[TASK INSTRUCTIONS] Exactly the lines from the one containing "Cheeseburger and coleslaw" through the one containing "a bedroom with large bed and two windows" in the listing below are to be copied, with the pictures left out.

[AVAILABLE DATA]
- - -

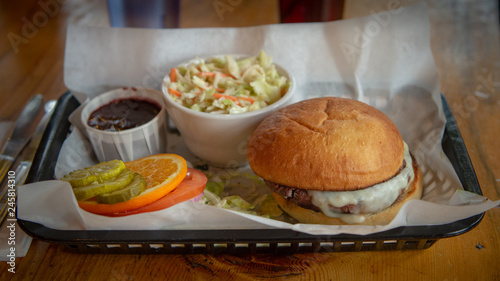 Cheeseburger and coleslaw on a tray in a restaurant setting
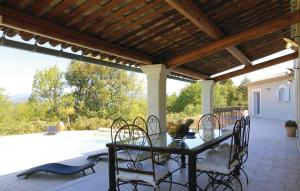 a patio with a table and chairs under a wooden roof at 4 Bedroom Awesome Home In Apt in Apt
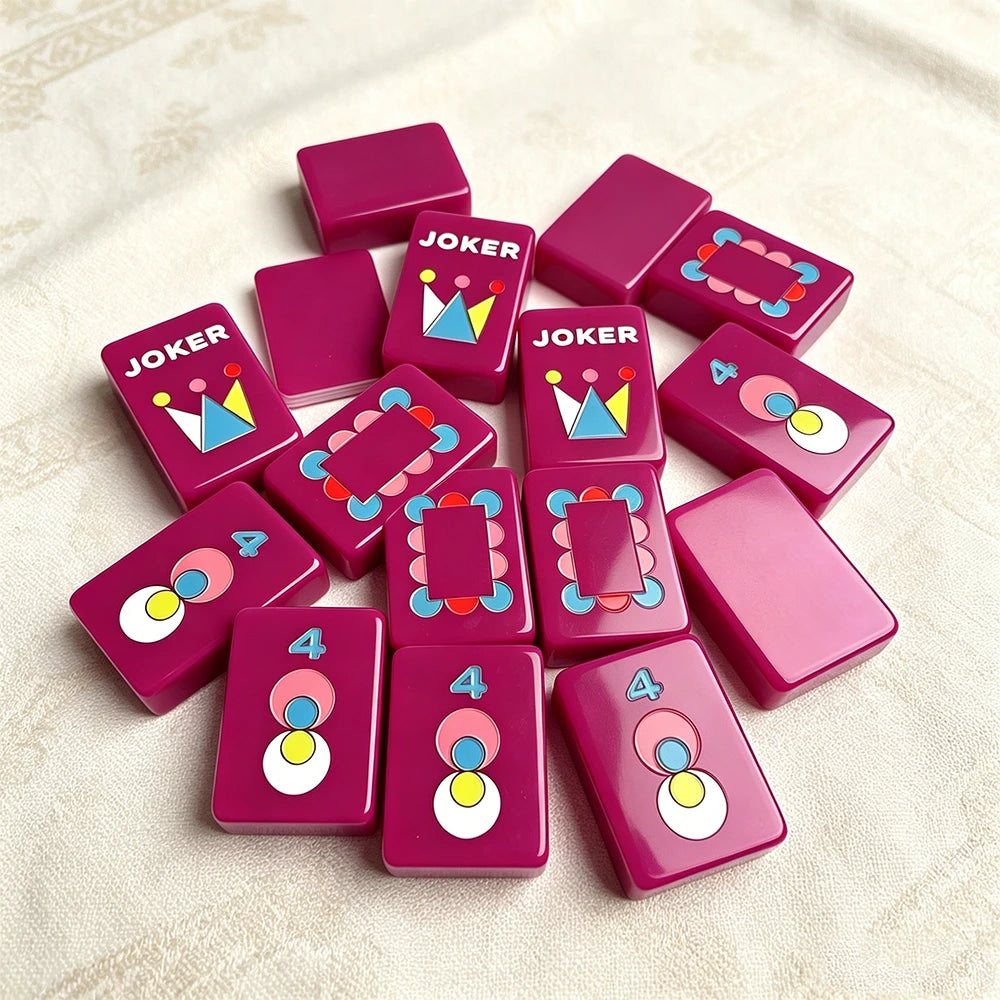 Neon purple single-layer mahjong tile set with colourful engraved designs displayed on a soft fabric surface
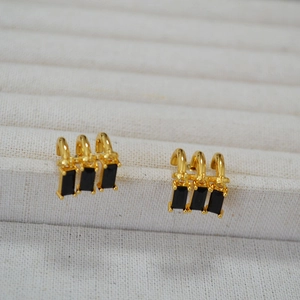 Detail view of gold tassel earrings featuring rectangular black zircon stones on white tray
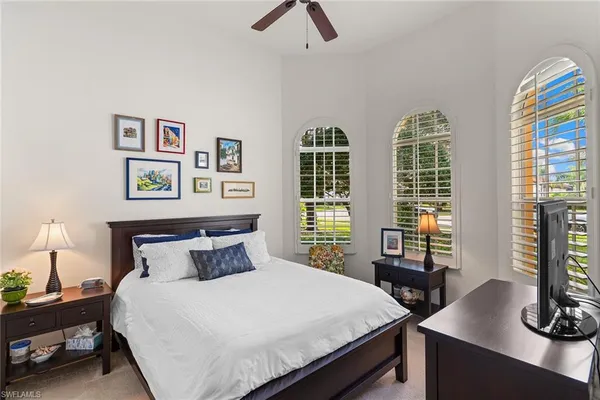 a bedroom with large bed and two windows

- - -

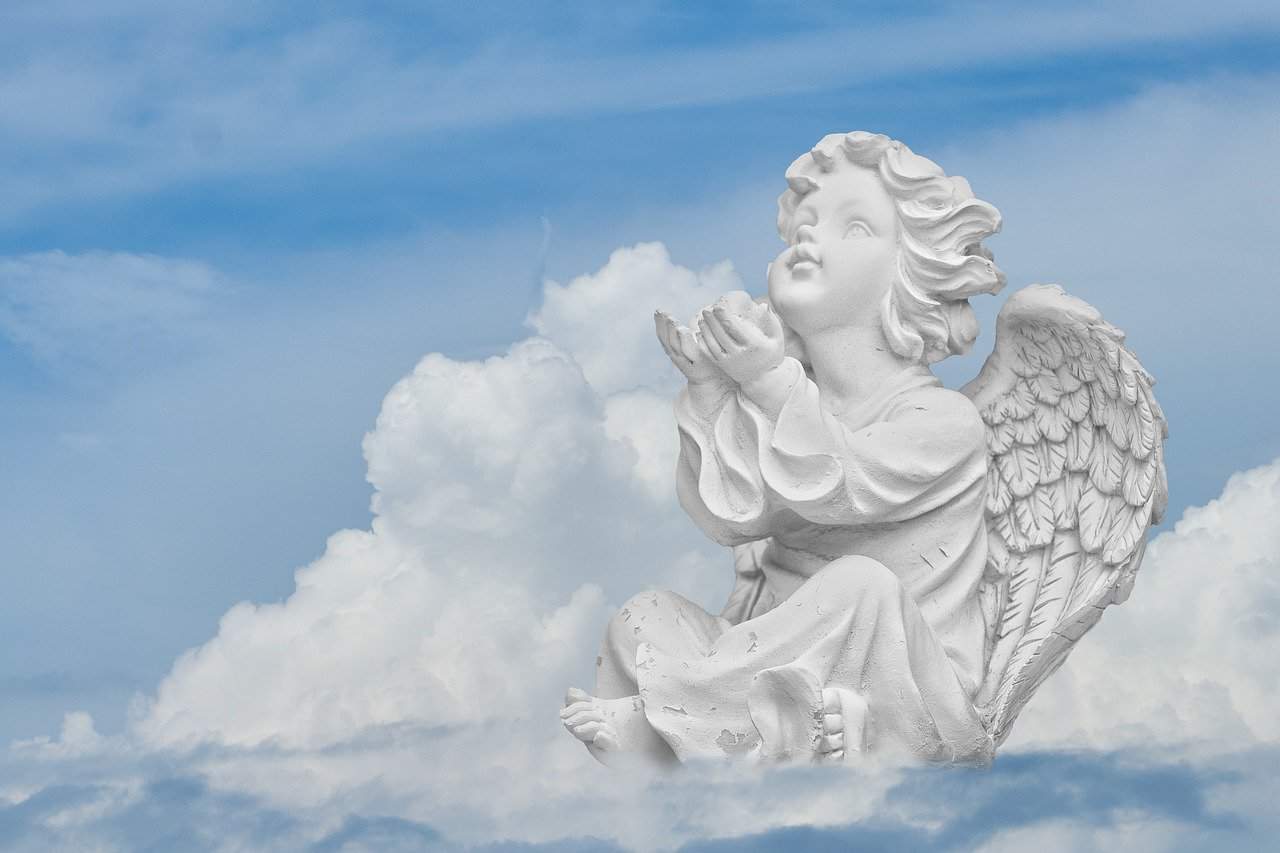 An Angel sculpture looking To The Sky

- - -

[RESULT OF THIS EXERCISE]
 Cheeseburger and coleslaw on a tray in a restaurant setting
 a patio with a table and chairs under a wooden roof at 4 Bedroom Awesome Home In Apt in Apt
 Neon purple single-layer mahjong tile set with colourful engraved designs displayed on a soft fabric surface
 Detail view of gold tassel earrings featuring rectangular black zircon stones on white tray
 a bedroom with large bed and two windows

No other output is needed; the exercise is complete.